El tono agudo de la versión en la que Angelelli deslumbra desde el inicio al fin, es una lectura nueva, una resignificación que contempla no solo al Woyzeck original sino a todas las lecturas que de él se han hecho y que se incorporan al mismo, manteniéndolo productivo.

Woyzeck es el texto nacido de la pluma de Buchner allá por 1836 durante su exilio político: un texto que da cuenta de la violencia del contexto en el cual fue escrito. Pero también es el de Herzog, el que Artaud imaginó, el que hoy se mezcla con poemas de Celan y fragmentos de Kafka y Goethe. Woyzeck es la “herida Woyzeck” siempre abierta, siempre vigente, siempre distinta e igual.

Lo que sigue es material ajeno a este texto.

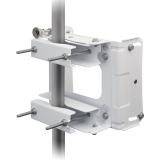 Ubiquiti antenas precīzas izlīdzināšanas komplekts 620mm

El Woyzeck de Ibarlucía y de Wehbi (uno de los creadores del ya emblemático grupo El Periférico de objetos) presenta -en consonancia con su tiempo- una multiplicidad de materiales significantes que -a modo de collage- conforman una inquietante melodía aguda: un espacio configurado como un circo, textos de la obra original pero también de otras obras del mismo autor, fragmentos de poemas, música en escena, un charlatán de feria que dialoga con el público como un enviado brechtiano para sacudir conciencias,
y una insólita galería de personajes que juegan con diferentes registros actorales.

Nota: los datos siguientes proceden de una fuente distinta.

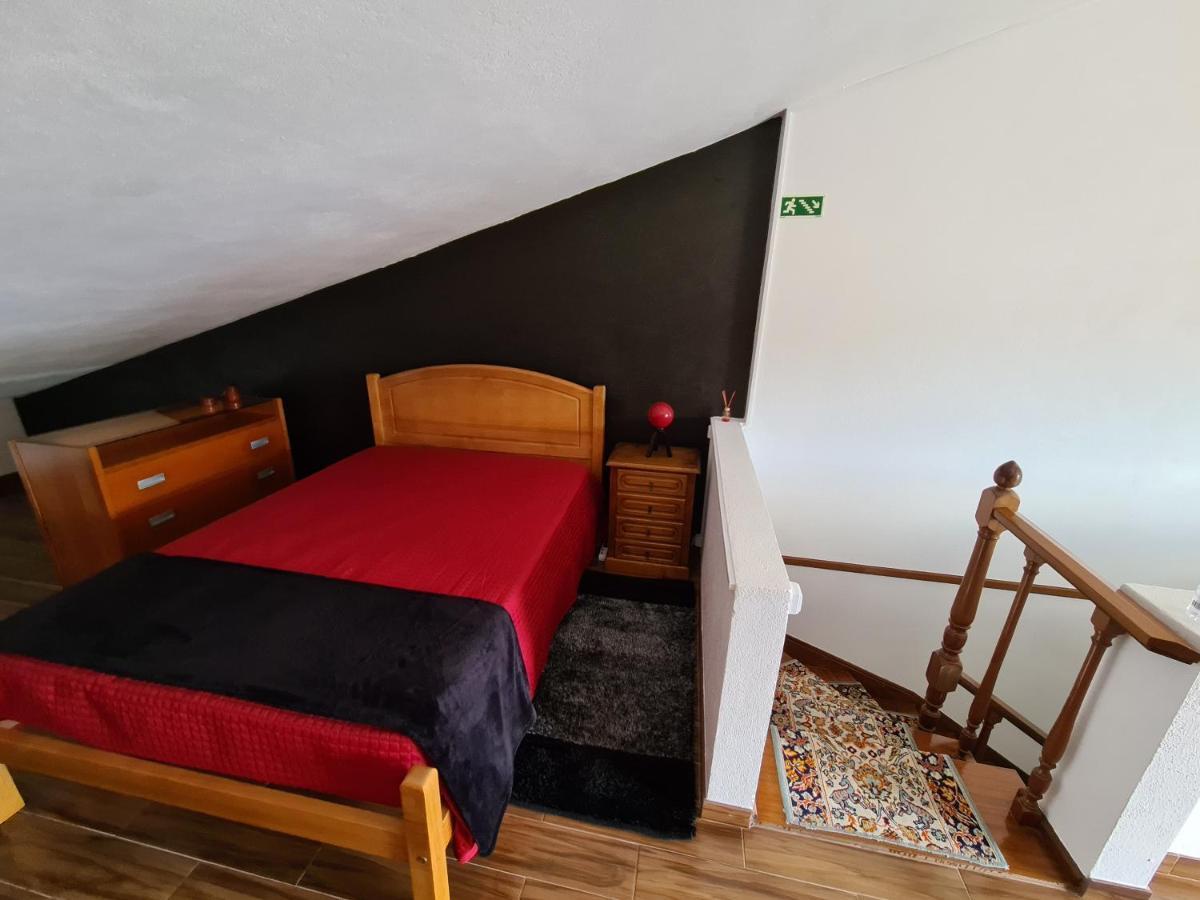 Gomes & Fortunato House Casais Brancos Eksteriør bilde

Woyzeck es el asesino, pero en verdad, es también la víctima de una sociedad asesina. Y cuando en su violencia más radical acuchilla a Margarita, uno no puede dejar de pensar en aquello sobre lo cual reflexionó el filósofo Todorov respecto a los campos de concentración: ¿cómo conservar la moral ante la inmoralidad?, ¿cómo seguir siendo un
hombre frente al límite?. Y Angelelli -en una composición que roza lo magistral- parece darnos la respuesta, o al menos, acercarnos a ella: frente al límite y reducido a la animalidad, al hombre solo le queda la gravedad del grito.